This security statement should have come from one of our political leaders

The Government Communications Security Bureau (GCSB) tells us it has established clear links between the Russian government and a campaign of malicious cyber activity targeting overseas political institutions, businesses, media and sporting organisations.

The bureau  says  New Zealand organisations were not directly affected by these malicious cyber activities.

We are, however, seeing a range of activity in NZ that contains indicators which can be linked to Russian state actors. These incidents reinforce the need for NZ to have robust national systems to address cyber threats”.

Good to  know  the  GCSB  is on the  job,  but  Point of Order  wonders  why such  a statement,  with all  its  serious  international  implications, was left to the  GCSB’s director-general Andrew Hampton  to issue.

Surely  this is  a matter  which, because of those international implications, should  have come  from the  Prime  Minister?   Or  the  Deputy Prime Minister?   Or the  Minister of Foreign  Affairs  and  Trade?   Or even the  Minister  in charge of  Intelligence  Services?

Or  were  they  worried    they  would  step on  Vladimir Putin toes?

 Then  there is the timing of the  statement.

Hampton  says the GCSB has worked through a robust attribution process which strongly links four international malicious cyber incidents since 2015 to the Russian government

“The nature of these campaigns is complex. The GCSB’s assessment found it was highly likely the Russian military General Staff Main Intelligence Directorate (GRU) was behind the campaigns and that a number of cyber proxy groups associated with these incidents are actors of the Russian state.  Our process considered material from our partners and our own cyber threat analysis.

“The United Kingdom’s National Cyber Security Centre has today announced it assesses the GRU is behind this activity. This analysis is consistent with the GCSB’s”.

Hampton  goes on:

“These malicious cyber activities serve no legitimate national security interest. They were designed to negatively impact on the ability of people around the world to go about their daily lives free from interference.  Such behaviour is unacceptable – it is counter to NZ’s vision for an open, safe and secure cyberspace.

“NZ organisations were not directly affected by these malicious cyber activities.  We are, however, seeing a range of activity in New Zealand that contains indicators which can be linked to Russian state actors.

“These incidents reinforce the need for NZ to have robust national systems to address cyber threats.
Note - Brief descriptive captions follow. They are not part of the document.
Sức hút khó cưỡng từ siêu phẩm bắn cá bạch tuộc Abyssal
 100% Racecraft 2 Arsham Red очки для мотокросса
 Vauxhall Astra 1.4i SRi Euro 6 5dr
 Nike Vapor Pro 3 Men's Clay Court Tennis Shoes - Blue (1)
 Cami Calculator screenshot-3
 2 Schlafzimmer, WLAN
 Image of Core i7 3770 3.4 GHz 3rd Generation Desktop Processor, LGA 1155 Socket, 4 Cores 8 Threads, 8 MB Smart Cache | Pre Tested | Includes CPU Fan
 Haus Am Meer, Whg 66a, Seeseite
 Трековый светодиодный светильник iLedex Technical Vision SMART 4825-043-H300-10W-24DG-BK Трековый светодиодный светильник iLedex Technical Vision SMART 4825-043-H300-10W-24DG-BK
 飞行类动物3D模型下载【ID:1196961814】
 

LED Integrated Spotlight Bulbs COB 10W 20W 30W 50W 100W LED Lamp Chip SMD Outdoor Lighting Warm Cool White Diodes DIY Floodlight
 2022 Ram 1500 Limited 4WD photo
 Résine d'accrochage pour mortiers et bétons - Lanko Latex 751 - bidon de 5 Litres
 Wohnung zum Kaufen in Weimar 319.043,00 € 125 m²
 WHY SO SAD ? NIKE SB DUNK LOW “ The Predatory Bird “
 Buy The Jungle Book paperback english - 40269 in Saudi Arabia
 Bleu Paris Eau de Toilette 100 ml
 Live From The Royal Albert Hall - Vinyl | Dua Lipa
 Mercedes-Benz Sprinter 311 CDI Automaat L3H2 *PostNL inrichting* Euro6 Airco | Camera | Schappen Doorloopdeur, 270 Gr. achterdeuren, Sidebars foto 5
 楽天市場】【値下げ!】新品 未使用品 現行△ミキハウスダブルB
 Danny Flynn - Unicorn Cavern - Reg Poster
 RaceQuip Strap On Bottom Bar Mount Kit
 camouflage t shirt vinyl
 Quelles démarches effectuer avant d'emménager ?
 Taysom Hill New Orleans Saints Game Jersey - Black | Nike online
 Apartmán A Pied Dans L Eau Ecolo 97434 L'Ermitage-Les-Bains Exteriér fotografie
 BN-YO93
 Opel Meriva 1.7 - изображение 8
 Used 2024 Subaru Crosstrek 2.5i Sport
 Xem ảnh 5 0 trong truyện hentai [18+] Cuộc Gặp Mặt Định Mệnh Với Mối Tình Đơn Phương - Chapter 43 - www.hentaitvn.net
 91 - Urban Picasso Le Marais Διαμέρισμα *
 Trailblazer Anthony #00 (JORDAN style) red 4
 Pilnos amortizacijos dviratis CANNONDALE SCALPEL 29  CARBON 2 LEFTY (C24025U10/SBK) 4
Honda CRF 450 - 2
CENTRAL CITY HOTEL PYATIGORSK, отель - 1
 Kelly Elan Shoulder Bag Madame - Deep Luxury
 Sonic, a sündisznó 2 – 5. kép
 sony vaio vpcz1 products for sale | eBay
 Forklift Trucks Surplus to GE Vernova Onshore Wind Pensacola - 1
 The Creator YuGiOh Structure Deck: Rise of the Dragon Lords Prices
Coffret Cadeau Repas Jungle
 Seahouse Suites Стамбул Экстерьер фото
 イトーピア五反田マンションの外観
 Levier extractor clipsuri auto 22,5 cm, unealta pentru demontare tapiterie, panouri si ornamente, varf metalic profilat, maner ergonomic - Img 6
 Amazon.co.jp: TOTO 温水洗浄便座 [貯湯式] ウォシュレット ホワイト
Initiatives such as the GCSB’s CORTEX cyber defence capabilities and the proposed expansion of the Malware-Free Networks programme help protect our nationally significant organisations.”

 The government is taking a fresh look at the current Cyber Security Strategy to ensure NZ is equipped to handle increasing cyber security threats.

Poimt of Order   wonders  which part of  the Coalition  Government is doing that.